= Task item =
Beginning with the line that contains "5th image of 129 Carlyle Grn", reproduce every line through the end of the records below exactly, and leave the pictures out.

Records contained in a dataset:
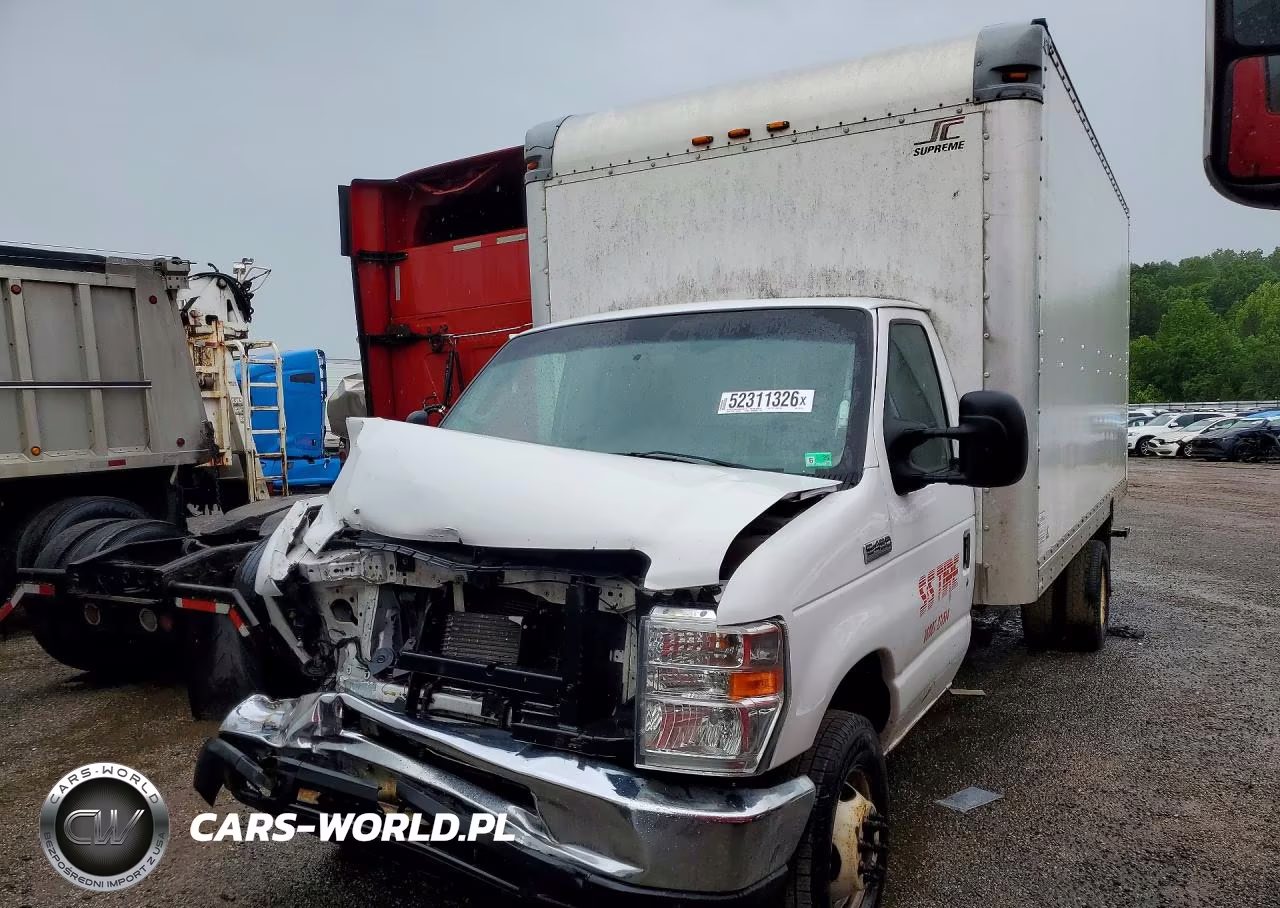 2016 Ford E450 Box Truck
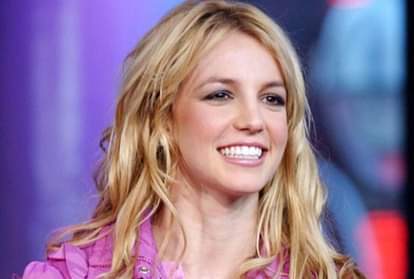 Britney spears deactivates instagram account after engagement with Sam asghari know the reason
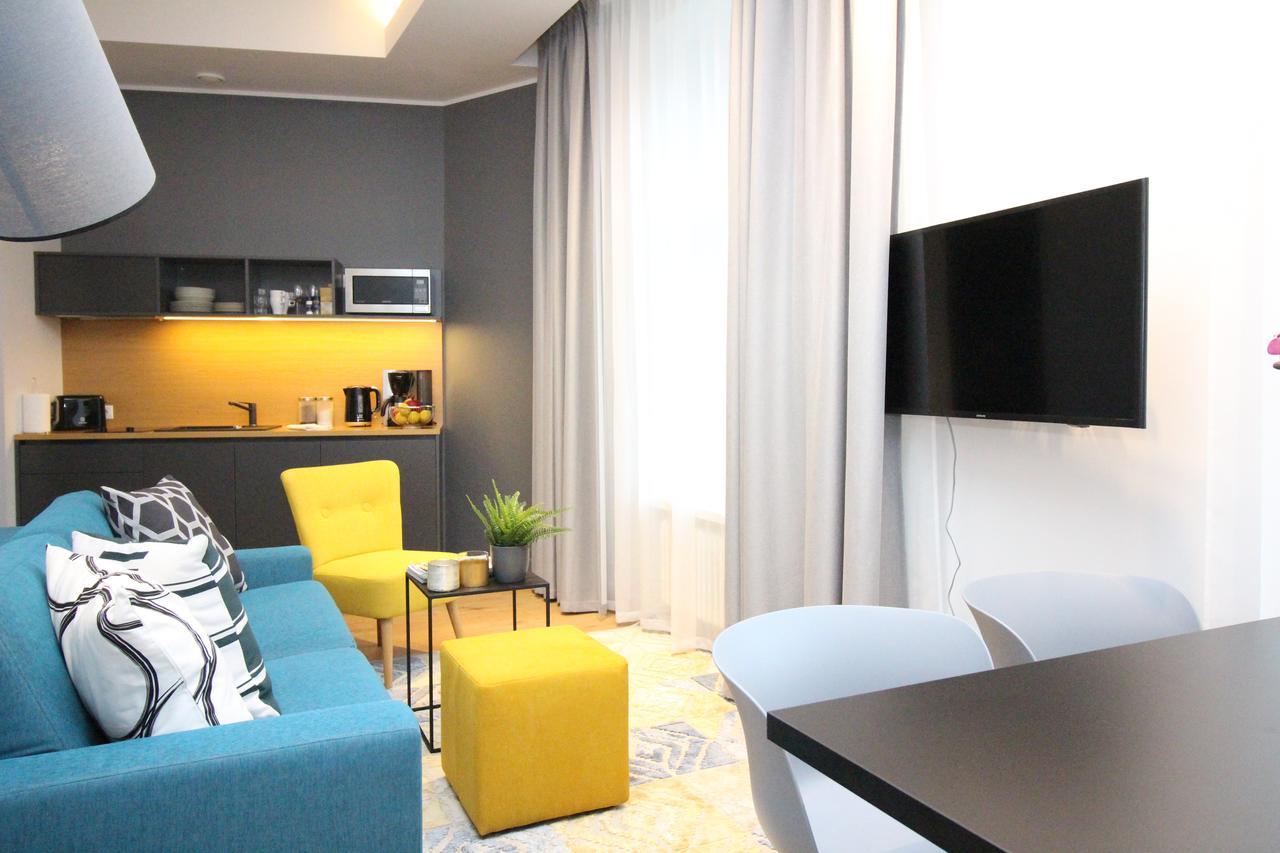 Tallinn City Apartments Old Town Suites Bagian luar foto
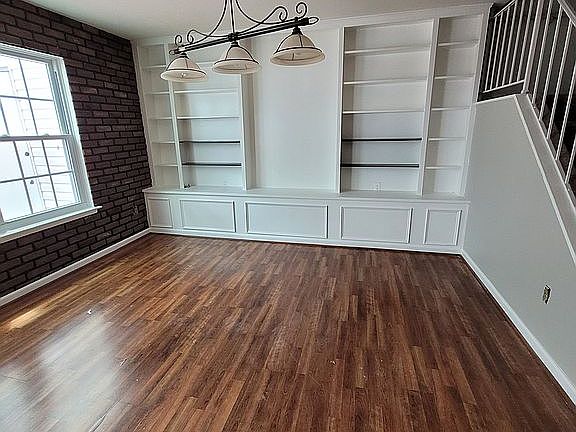 5th image of 129 Carlyle Grn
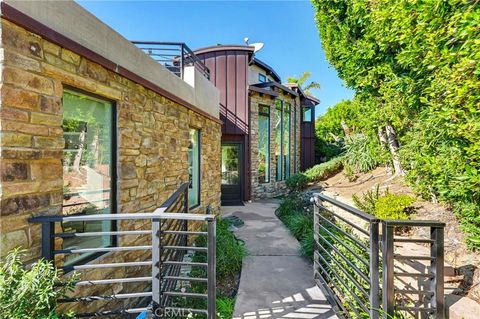 Tiny photo for 2590 Iris Way, Laguna Beach, CA 92651 (MLS # OC26005869)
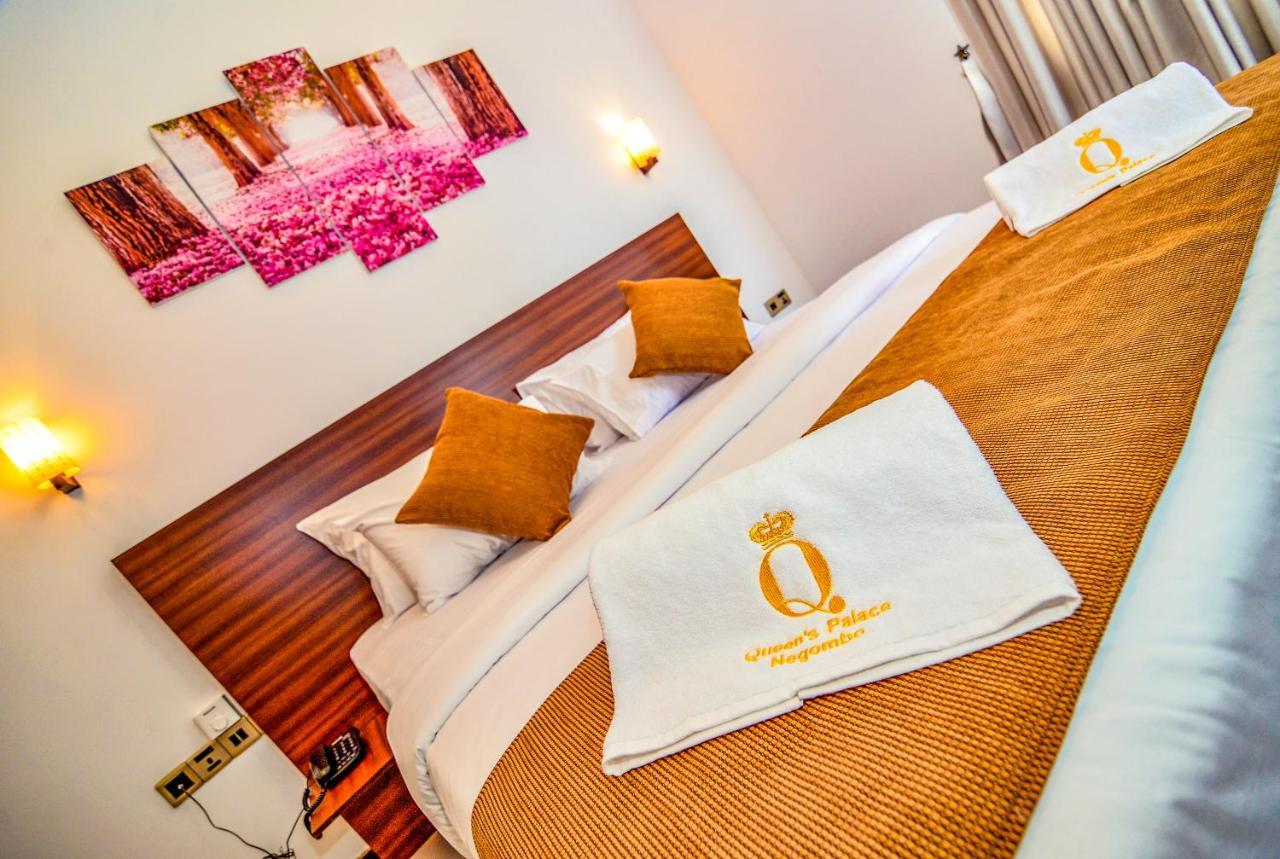 Negombo New Queen'S Palace ภายนอก รูปภาพ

= Answer box =
 5th image of 129 Carlyle Grn
 Tiny photo for 2590 Iris Way, Laguna Beach, CA 92651 (MLS # OC26005869)
 Negombo New Queen'S Palace ภายนอก รูปภาพ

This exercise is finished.